The 5-round magazines, in particular, are the hardest to load. When loading, you have to ensure the rim of the top round doesn’t catch on the bottom part of the rim of the round beneath it. I did this on the top round of one of the five rounders, and it caused a malfunction when I went to load the gun.
On the Range
Most of my testing is predictably done with cheap birdshot. I used some Estate loads I bought at Academy quite cheaply. A 250-round box of those, plus a hundred rounds of Fiocchi high velocity, and some assorted buckshot and slugs made up the rest.
The only malfunction was caused when I failed to load the top round correctly. I’d chalk that up to user-induced. You’ll want to practice a little to ensure you don’t make the same mistake.
The sights quickly became a favorite feature of this gun. I appreciate how fast and precise I can be with them. Shooting birdshot, I like to use clay pigeons as targets placed on my berm. When testing, I try to make it more fun than just shooting handguns.
I set four clay pigeons on the berm in a square pattern and aimed at the center. I used a shot timer to record the time it took to burst all four and tried to beat my time. The sights made it easy to be fast and precise. The rear ghost ring is very wide, and that makes it quick to get the gun on target.
The sights are adjustable, too, which makes it easy to dial the weapon in for whatever load you choose to use.
I patterned the gun with Federal FliteControl 00 loads and moved the sights a hair to match the pattern.
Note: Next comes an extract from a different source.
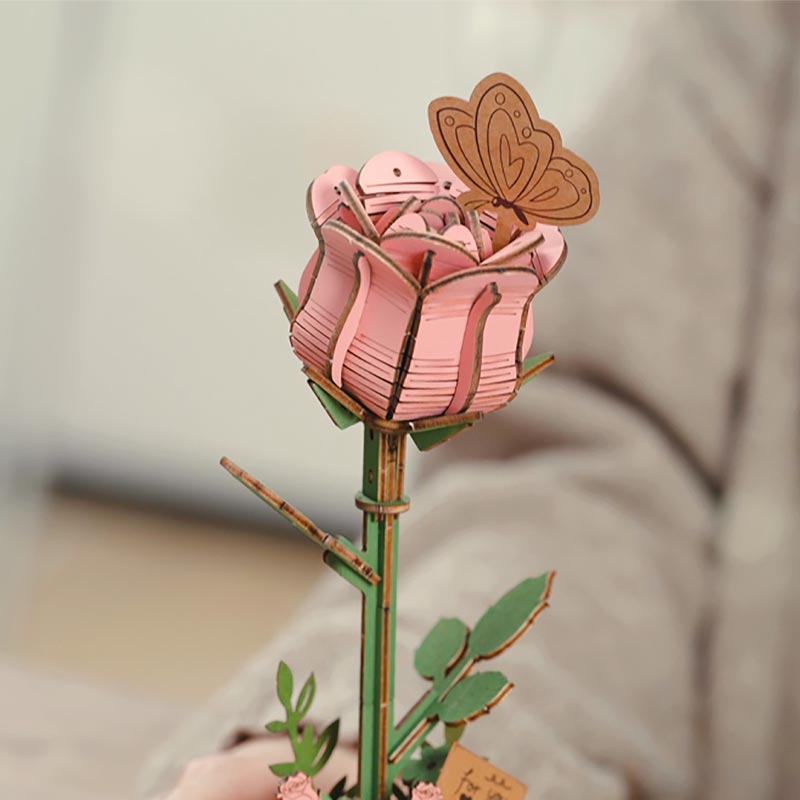Flor de Rosa Rosada de madera
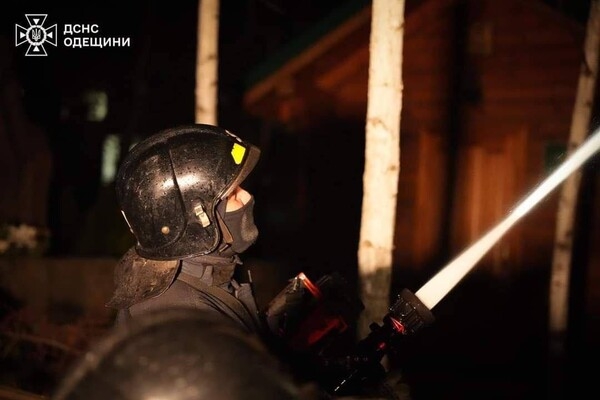 На Тенистой горела трапезная возле церкви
This resulted in my being able to score sub-1.5-second snapshots into the head of a target at 15 yards from the low ready.
Boom, Boom, Boom
I wish the pump was textured more aggressively. I’ve trained myself to work the pump with gusto to avoid short stroking and my hands often felt like they were close to slipping off. A little skateboard tape might do.
In terms of magazine changes, you won’t be doing it as fast as you do with an AR-15. Shotgun magazine reloads aren’t particularly speedy.
The magazines don’t always drop free when you press the release button…you’ll have to pull them out before ramming another one in place. Reloading the gun with the 5 and 9 round magazines isn’t ridiculous, however doing it with the 19-rounder is a bit of a hassle.
Recoil is standard 12 gauge recoil. It can be rough if you don’t know how to mitigate it. The trigger is a little mushy, but light overall. The pump action is very smooth and glides rearward without much force exerted.
I was curious if I could still do port loads should I run the VRPA40 dry. It turns out I can and was able to do them quickly. The detachable magazine doesn’t interrupt feeding from the port in case you need an emergency reload.
I enjoyed this little gun and was surprised at the quality compared for the very reasonable price. They seem to be floating around for about $250 retail. It’s a very affordable price for a magazine-fed pump-action shotgun. In my opinion, it’s a better design than the Remington 870 DM and cheaper than the Mossberg 590M models.
Specifications: Rock Island Armory VRPA40 Magazine-Fed Shotgun
Barrel Length: 20 inches
Overall Length: 40 inches
Weight: 6.9 pounds
Caliber: 12 gauge
Chamber: 2 3/4 and 3 inch shells
Capacity: 5, 9, and 19 rounds
MSRP: $399 (about $250 retail)
Ratings (Out of 5 Stars)
Ergonomics * * *
The ergonomics aren’t bad, but they aren’t great. The shotgun feels a little long and I wish the pump had more texture to it. Fast mag swaps won’t be easy, and the pump lock is unusually placed.
Reliability * * * * *
The only malfunction I experienced in 350+ rounds was when I didn’t load a shell in the magazine the right way. That’s it. The VRPA40 fired everything else perfectly fine. (No, it doesn’t cycle mini shells.)
Trigger * * * *
Nothing to write home about but the trigger is more than serviceable. And on a shotgun the trigger matters relatively little. It’s above average in my opinion.
You can put an optic on it, and that seems to be it.
Overall * * * *
The VRPA40 is a fun little gun with a very affordable price tag. Magazines vary in capacity quite a bit and give you plenty of ammo capacity options. I could see the VRPA40 being a fun 3-gun shotgun (though slow on the reloads), and even a good hunting and home defense shotgun.